Wie Stahl in der Sitzung wiederholt betonte, sieht er die Ansiedlung für eine positive Entwicklung der Stadt als lebensnotwendig an. „Jahrzehnte haben wir nach dem Zusammenbruch der Porzellanindustrie auf einen Investor gewartet, der diese wirtschaftlichen Lücken schließt. Jetzt gibt es einen, der noch dazu einheimisch ist.“ Gerade durch die Einnahmen der Gewerbe- und Einkommensteuer fließe Kaufkraft zurück. Mit diesen Summen könnten Infrastruktur und das gesellschaftlichen Leben auf einem hohen Niveau gehalten und finanziert werden.

Für das Bauleitverfahren und die Erschließung im Gewerbegebiet Süd für das Ziegler-Vorhaben sind in den nächsten Jahren Gesamtkosten in Höhe von 3,93 Millionen Euro veranschlagt. Um eventuelle Vorrats- und Ausgleichsflächen zu sichern, hat die Stadt heuer 630.000 Euro im Haushalt eingeplant. Eine weitere Million ist in diesem Jahr im Finanzplan berücksichtigt, um Erschließungskosten im öffentlichen Grund zu sichern. Denn auf dem Areal, wo die Musterhaus-Siedlung entstehen soll, gehören der Stadt nur rund 80 Prozent der Fläche, informierte Stahl. Dort, wo die Produktionshallen geplant sind, ist die Stadt Eigentümer der Fläche. Hier seien zur Gegenfinanzierung Verkaufserlöse für die Grundfläche in Höhe von grob 2,6 Millionen Euro eingeplant.

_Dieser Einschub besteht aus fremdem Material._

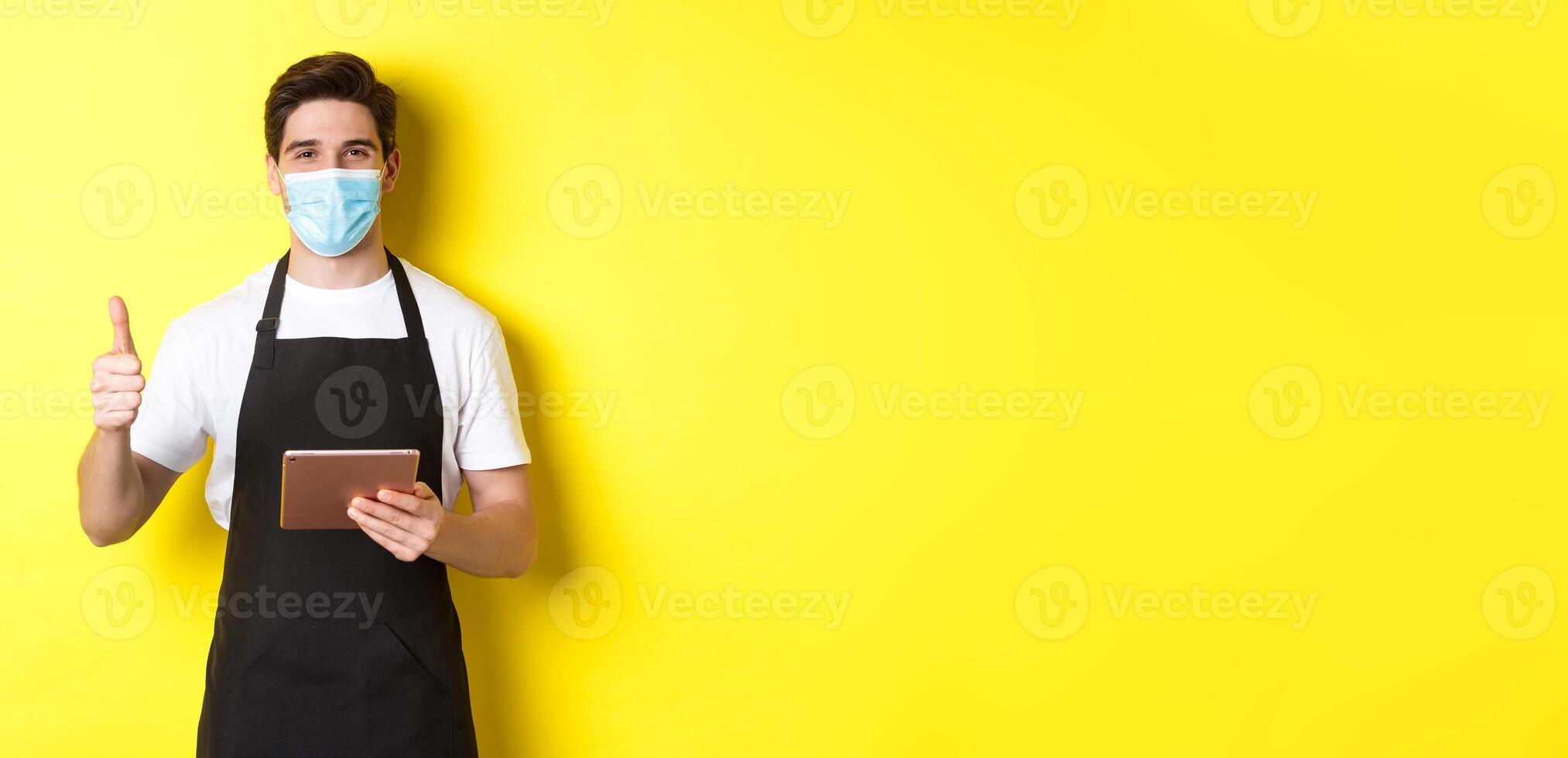 Concept of covid-19, small business and pandemic. Friendly waiter in medical mask and black apron showing thumb up, taking orders with digital tablet, yellow background photo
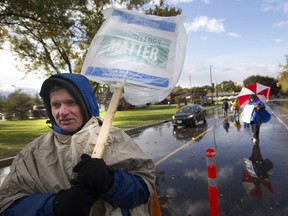 Chuck Fuerth walks the picket line with other members of faculty from St. Clair College at the main campus on Oct. 30, 2017.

Die Änderung des Flächennutzungsplanes und des Bebauungs- und Grünordnungsplanes beschloss der Stadtrat abschließend einstimmig. „Ein klares Signal“, kommentierte Bürgermeister Franz Stahl.

Hintergrund:

Zeitplan für das Holz-Kompetenz-Zentrum der Ziegler-Group in Tirschenreuth

  • Im Herbst 2020 stellte das Unternehmen seine Pläne für das Großprojekt vor, seitdem laufen die Planungen für eine Änderung des Flächennutzungsplanes.
  • Seit Dezember 2020 läuft die Bestandsaufnahme für Flora, Fauna und Tiere.
  • Im November 2021 unterzeichnete die Ziegler-Group mit der Stadt einen Durchführungsvertrag.
  • Erste öffentliche Auslegung des Bebauungsplans Ende Mai 2023. Dies war ursprünglich bereits vor einem Jahr angedacht
  • Einarbeitung und Abwägung der Stellungnahmen bis Ende 2023
  • Baureife für das 37,17 Hektar große Gelände an der B15 voraussichtlich Ende 2023
  • Baubeginn ist für das Frühjahr 2024 geplant.